Most articles found by a search for "how long does it take to find a new job" state anywhere between 3-6 months. Anecdotally, both for myself and for my friends, this is quite accurate. This, combined with the fairly frightening statistic that unemployed people have a MUCH harder time finding employment, would lead me to strongly recommend that you start well before you graduate.
Most positions that hire PhDs are familiar with the nuances of hiring someone who hasn't yet graduated. I currently work in industry, and we've had a number of people who've had to take a few days vacation to defend their thesis. You should mention during the interview process where you currently stand in your PhD work so the employer knows what to expect, but from my experience it shouldn't be too much of a problem.
Do note that some positions require the PhD of their employees, so you would not be eligible for those types of positions until you graduate. I would still recommend interviewing anyways so you're not starting from scratch... you can just contact them and continue when you actually receive the degree.

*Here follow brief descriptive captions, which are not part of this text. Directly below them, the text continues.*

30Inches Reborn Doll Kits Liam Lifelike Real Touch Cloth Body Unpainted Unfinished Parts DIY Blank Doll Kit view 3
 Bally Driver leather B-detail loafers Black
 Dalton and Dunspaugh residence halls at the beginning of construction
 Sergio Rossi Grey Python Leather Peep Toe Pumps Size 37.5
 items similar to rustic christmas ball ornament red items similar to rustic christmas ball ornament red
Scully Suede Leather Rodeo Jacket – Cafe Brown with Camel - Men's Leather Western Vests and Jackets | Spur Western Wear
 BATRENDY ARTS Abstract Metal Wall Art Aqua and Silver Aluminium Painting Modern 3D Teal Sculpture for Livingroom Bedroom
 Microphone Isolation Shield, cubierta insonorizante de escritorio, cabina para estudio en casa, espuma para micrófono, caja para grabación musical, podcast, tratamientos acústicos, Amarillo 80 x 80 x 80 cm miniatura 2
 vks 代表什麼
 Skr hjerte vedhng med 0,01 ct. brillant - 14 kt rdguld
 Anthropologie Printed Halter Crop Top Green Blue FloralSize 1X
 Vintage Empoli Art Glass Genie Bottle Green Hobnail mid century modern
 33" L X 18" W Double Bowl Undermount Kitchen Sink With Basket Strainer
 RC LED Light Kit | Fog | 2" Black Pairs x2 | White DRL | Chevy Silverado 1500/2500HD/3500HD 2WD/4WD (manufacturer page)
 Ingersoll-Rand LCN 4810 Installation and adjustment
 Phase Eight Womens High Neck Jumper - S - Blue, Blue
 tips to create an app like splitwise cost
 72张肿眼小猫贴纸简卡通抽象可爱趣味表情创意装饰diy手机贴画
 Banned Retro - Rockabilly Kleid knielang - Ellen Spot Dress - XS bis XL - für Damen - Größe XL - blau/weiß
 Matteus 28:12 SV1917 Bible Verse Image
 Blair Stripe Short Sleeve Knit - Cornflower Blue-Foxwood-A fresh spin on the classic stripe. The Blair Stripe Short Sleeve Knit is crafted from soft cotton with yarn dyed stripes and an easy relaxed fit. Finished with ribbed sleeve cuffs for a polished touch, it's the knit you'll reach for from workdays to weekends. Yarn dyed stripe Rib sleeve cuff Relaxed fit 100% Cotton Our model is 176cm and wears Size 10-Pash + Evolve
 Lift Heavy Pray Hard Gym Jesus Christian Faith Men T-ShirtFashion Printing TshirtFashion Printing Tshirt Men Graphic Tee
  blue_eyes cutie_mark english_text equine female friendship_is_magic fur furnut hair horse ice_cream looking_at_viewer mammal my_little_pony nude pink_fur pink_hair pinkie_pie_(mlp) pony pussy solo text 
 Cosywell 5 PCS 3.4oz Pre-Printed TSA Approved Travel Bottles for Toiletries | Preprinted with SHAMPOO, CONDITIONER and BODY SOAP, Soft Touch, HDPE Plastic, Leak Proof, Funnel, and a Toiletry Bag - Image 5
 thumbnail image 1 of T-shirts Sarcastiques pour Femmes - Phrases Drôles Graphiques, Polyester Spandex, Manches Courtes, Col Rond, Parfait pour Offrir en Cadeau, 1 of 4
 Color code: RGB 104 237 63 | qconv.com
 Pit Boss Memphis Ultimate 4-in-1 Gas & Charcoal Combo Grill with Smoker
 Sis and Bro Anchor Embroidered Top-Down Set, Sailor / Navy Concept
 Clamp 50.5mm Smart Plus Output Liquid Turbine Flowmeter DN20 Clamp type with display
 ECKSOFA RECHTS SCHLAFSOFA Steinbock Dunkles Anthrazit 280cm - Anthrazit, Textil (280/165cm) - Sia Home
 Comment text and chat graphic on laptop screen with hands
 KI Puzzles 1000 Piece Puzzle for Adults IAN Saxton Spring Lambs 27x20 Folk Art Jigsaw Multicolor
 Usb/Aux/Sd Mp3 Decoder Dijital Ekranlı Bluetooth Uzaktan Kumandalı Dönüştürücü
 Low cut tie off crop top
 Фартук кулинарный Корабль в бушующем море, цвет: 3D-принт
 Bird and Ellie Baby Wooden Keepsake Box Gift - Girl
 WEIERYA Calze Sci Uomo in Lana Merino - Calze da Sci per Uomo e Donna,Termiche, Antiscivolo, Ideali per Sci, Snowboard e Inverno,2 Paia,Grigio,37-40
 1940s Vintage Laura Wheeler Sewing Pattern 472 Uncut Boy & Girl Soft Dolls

I have been involved in hiring several Ph.D.'s (math, computer science, operations research) in the finance industry in the US. (before returning to academia to get my own math Ph.D.). In the US, the answer to your question is that the correct time to apply will depend on the type of industry job you are looking for. My experience is that for jobs at larger companies which routinely hire Ph.D.'s you should start applying in the late fall before you anticipate graduating. These companies generally have a well-developed recruitment process and are recruiting with the anticipation of bringing someone on several months down the road. They may even plan to have you start with other recent Ph.D.'s and have some more or less formal training period. (My experience is in finance where this is the norm, other industries may differ.)
For jobs at smaller companies or start-ups, I would recommend waiting. Typically these companies are looking to hire someone who can start as soon as possible (six months is an eternity for a small company or start-up).
So I would recommend starting applications and attending recruitment events for larger companies in your field right now. As the process evolves and the time until you could reasonably starts decreases, you should then expand the range of places you are talking to.
This may also vary along the size of the company and the plans that company has.
If a company wants someone just to complete a task, them maybe if you say on the interview that you will be available after three - six months then the answer will be something like that: We will contact you after this period, and believe me they never call you back. So, a good policy is to make an proposal for part time job untill you finish you Ph.D. (I know this is not easy in all times).
One other scenario:
If you apply to a big company with a long business plan then you can discuss with them when you are able to get started.
My suggestion is to start looking for a job two - three months before you finish your Ph.D.